On this day, everything has been moved up by a half-hour so Stewart can put in a standup-comedy appearance at the re-opening of Radio City Music Hall. At 3 p.m., he is still polishing one of the day's bits on his computer. Elsewhere in the building, several teams of writers are putting finishing touches on other parts of the show. Rehearsal is scheduled for 5 o'clock. The taping session, in front of an audience of 100, is set for 6 p.m. By 7 o'clock, another edition of The Daily Show will be safely in the can, ready to be beamed out across the U.S. for that night - and off to Canada for the next day.
Inside Stewart's office, empty Coca-Cola cans are scattered about his desk; newspapers clutter the desk and floor. "I'm house-training," he quips."I'm a little embarrassed by this. As you can see, I drink a lot of Coke."
The self-deprecating comedian often has tongue planted firmly in cheek as he answers questions. Some of the chain-yanking is so subtle, it's as though he is testing to see if a reporter might take actually take the answers seriously enough to print them. It's all part of the poke-fun-at-the-media mindset of The Daily Show, and of Stewart.

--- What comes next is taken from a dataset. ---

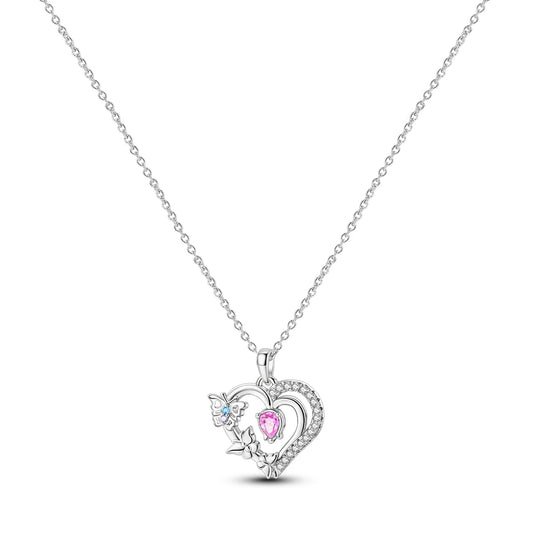 Butterfly & Heart Crystal Necklace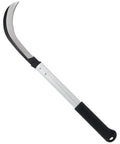Beefy Heavy Duty Harvest Sickle With Carbon Steel Blade And Aluminum Handle, 14.5 Inch Tubular Shaft, Black Soft Rubber Grips, 9 Inch Hooked Blade.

Born in Trenton, N.J., Jonathan Stewart Leibowitz cut his incisive comedy teeth after college, working at comedy clubs in New York as well as in Winnipeg, Toronto and at the famed Just For Laughs Comedy Festival in Montreal. Appearances on HBO's Young Comedians Special and CBS's Late Show with David Letterman led to The Jon Stewart Show, a latenight talk show on MTV and, later, in syndication. A stint on The Larry Sanders Show had Stewart, as himself, being groomed to take over for fictitious talk-show host Larry Sanders (Garry Shandling).
Stewart points to Shandling and such other talents as Chris Rock, Norm Macdonald and Dennis Miller as comedians whom he admires. "Those are guys I can watch over and over again," he insists. Off screen, the down-to-earth Stewart prefers keeping a low profile, something he says is easier to do in New York than in Los Angeles. He keeps his daily personal life (with his girlfriend of four years, and their dog and cat) very private and would much rather be "sitting on the couch in my underwear, with a Pepsi and a doughnut, watching SportsCenter eight hours straight," than be part of the social scene that is often a part of the TV industry.
"I'm not a big social guy," he says. "I don't have that constitution where you go out every night and you're at beautiful parties talking to beautiful people. I get tonsillitis too easy for that."
Instead, Stewart keeps himself focused on The Daily Show. "I've got a great gig," he says. "We blast out some stuff and then I go home and do a couple of crossword puzzles, and see if there's a game on, and have some dinner, and go to bed."
Not that Stewart (who turns 37 on Nov. 28) has limited his interests -- or his talents -- to television and standup comedy. A published author (1998's Naked Pictures of Famous People), he also has a list of big-screen acting credits (Big Daddy, The Faculty, Playing By Heart). A production deal with Miramax Films will have him starring in two movies per year, as well as writing and producing several films.
That's a full slate. For now, though, Stewart is intent on just making the satire of The Daily Show sharper each day.
"What we do best is play with convention and, by playing with convention, highlight just the incredible silliness that is 'the [media] machine," Stewart says. "What I really wanted to bring to this was a sense of joy and point-of-view. It was a show that appealed to me. It was one that I thought I could be of service to. It was just going to take time before we gelled.
"And then," he adds with a wink, and with tongue firmly back in cheek, "we really tried to perfect it before sending it up to Canada."